**Task material:**
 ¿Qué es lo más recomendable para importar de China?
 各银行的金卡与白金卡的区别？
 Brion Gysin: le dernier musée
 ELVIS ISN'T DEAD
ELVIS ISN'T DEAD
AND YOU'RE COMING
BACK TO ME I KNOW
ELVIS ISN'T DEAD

==

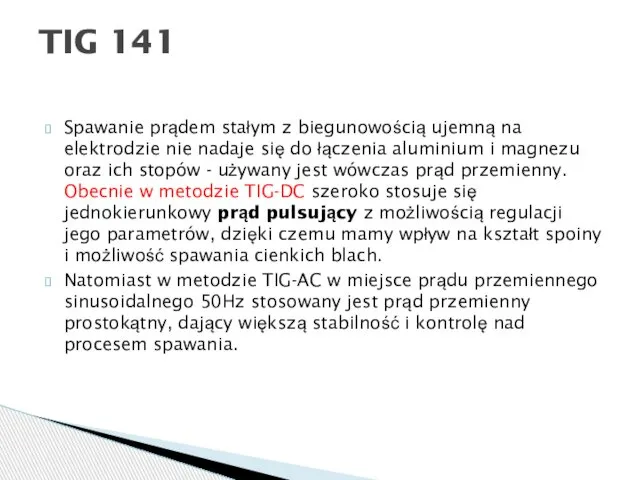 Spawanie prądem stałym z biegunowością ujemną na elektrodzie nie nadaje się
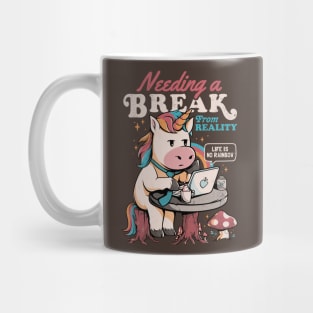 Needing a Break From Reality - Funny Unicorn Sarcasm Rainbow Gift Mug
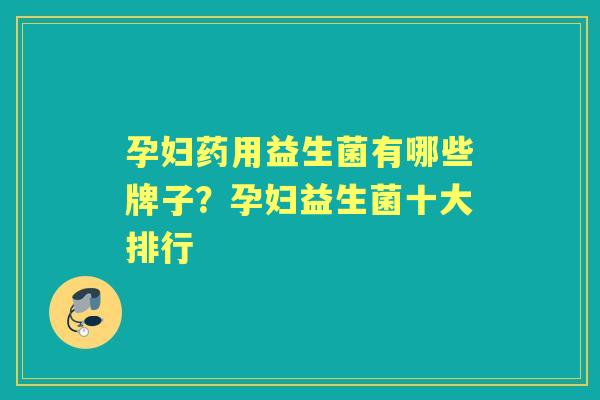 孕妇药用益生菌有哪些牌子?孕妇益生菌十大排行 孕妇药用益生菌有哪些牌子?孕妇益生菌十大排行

**Activity:** The output is the stretch above from the line with "Needing a Break" through the line with "孕妇药用益生菌有哪些牌子?孕妇益生菌十大排行 孕妇药用益", copied word for word with both ends kept and every picture dropped.

**Exercise output:**
 Needing a Break From Reality - Funny Unicorn Sarcasm Rainbow Gift Mug
 孕妇药用益生菌有哪些牌子?孕妇益生菌十大排行 孕妇药用益生菌有哪些牌子?孕妇益生菌十大排行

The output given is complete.